Selon Dominique Bouteiller, professeur agrégé au Service de l'enseignement de la gestion des ressources humaines à HEC Montréal, les avantages d'accueillir des stagiaires sont nombreux. Bref, une entreprise serait folle de s'en passer, dit-il en substance.

« Un stagiaire, c'est avant tout un mécanisme pour assurer sa relève, explique M. Bouteiller. C'est une entrevue de sélection qui est proportionnelle à la durée du stage. C'est donc une forme de luxe. On a le temps d'observer les réactions et les comportements du stagiaire avant de décider si on va l'embaucher à sa sortie de l'école. »

Accueillir des stagiaires permet également de combler des besoins ponctuels, poursuit-il. « Si une entreprise a des besoins de main-d'oeuvre dus, par exemple, à un surplus de production, il y a plein de façons de combler ces besoins. Le stage est, à mon avis, une façon complémentaire et intelligente de le faire », croit-il.

Mais attention: qui dit stage dit période d'apprentissage supervisé. « Il n'est pas question d'embaucher des stagiaires pour leur faire faire la sale besogne. L'école ou le collège doit s'assurer que le stage est bien encadré, qu'il est réellement formateur », soutient celui qui s'intéresse à l'univers des stages depuis presque 20 ans.

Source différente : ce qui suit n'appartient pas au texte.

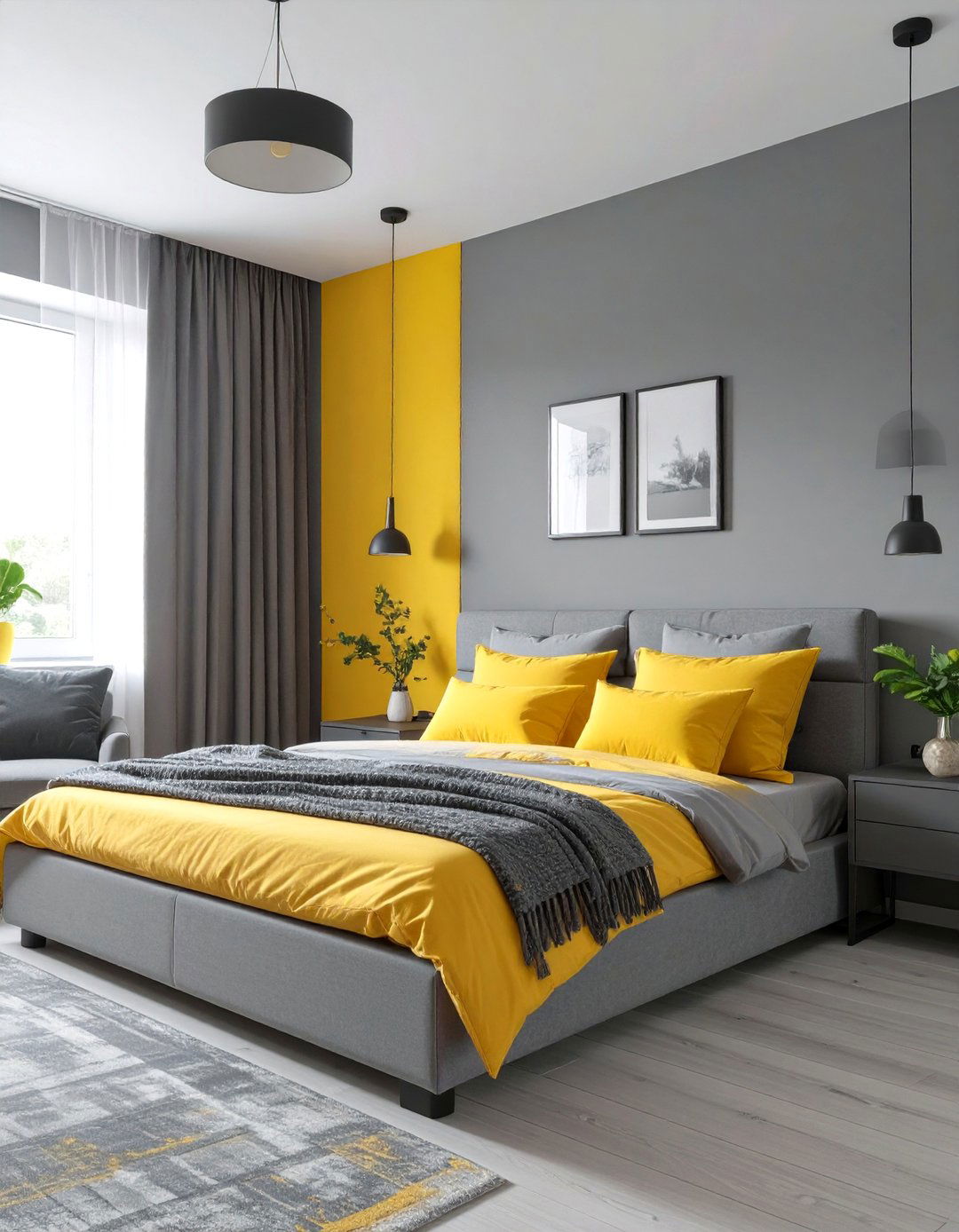 Yellow And Gray Bedroom Ideasnull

D'ailleurs, accueillir des stagiaires dans son entreprise se cultive et s'organise longtemps à l'avance. Attirer des candidats, surtout dans des secteurs où il y a rareté de main-d'oeuvre, nécessite un travail en amont.

Une bénédiction

Sylvain Dufresne et Paul Bergeron, de l'entreprise CSTM à Granby, l'ont compris. Pour eux, les stagiaires sont une bénédiction. « Des stagiaires, c'est de l'argent en banque! lance Sylvain Dufresne, directeur d'usine. Si, du jour au lendemain, tu as besoin de gens compétents, tu auras le premier choix si tu t'es impliqué. Tu récoltes ce que tu as semé. »

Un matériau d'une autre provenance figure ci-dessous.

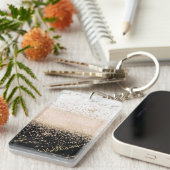 Elegant roos Gold confetti marmer Sleutelhanger (Voorkant Rechts)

CSTM se spécialise dans la transformation de métal en feuille. Ses clients, présents aux quatre coins du monde, évoluent dans divers secteurs: transport, médical, informatique, etc. Bon an, mal an, la PME de 13 employés accueille au minimum un stagiaire.

En alternance

Tous les ans, des milliers de jeunes Québécois prennent part à au moins un stage ou, comme on dit dans le jargon, à une « séquence en milieu de travail ». Ces stages se font principalement dans le cadre du programme Alternance travail-études (ATE), lequel s'adresse aux jeunes (et parfois aux moins jeunes) qui terminent des études professionnelles au secondaire ou une technique au collégial.

Du côté universitaire, on parle de « système coop ». Celui-ci fonctionne également selon la logique de l'alternance travail-études. Par exemple, un semestre d'études, un semestre de stage, etc. Dans le réseau universitaire québécois, Polytechnique Montréal et l'Université de Sherbrooke sont reconnus pour leur système coop.

Pour ce qui est de la rémunération, un stagiaire y a-t-il automatiquement droit? Pas nécessairement. Cela va dépendre de « l'intention pédagogique » du stage, dit le ministère de l'Enseignement supérieur, de la recherche, de la science et de la technologie du Québec.

La plupart des stages en formation professionnelle (donc, majoritairement au secondaire) visent le développement de compétences. Autrement dit, ces stages servent à former le stagiaire. Dans de tels cas, il n'y a pas de rémunération.

A contrario, lorsqu'il y a mise en oeuvre des compétences (donc, de ce qui a été appris à l'école), le stagiaire doit au moins être payé au salaire minimum, conformément à la Loi sur les normes du travail.

Selon Emploi Québec, une entreprise qui participe à un programme ATE peut bénéficier de mesures fiscales, notamment d'un crédit d'impôt couvrant le salaire du stagiaire ou du superviseur qui en est responsable. Les dépenses engagées dans l'accueil de stagiaires peuvent également être admissibles dans le calcul du 1% de la masse salariale consacré à la formation.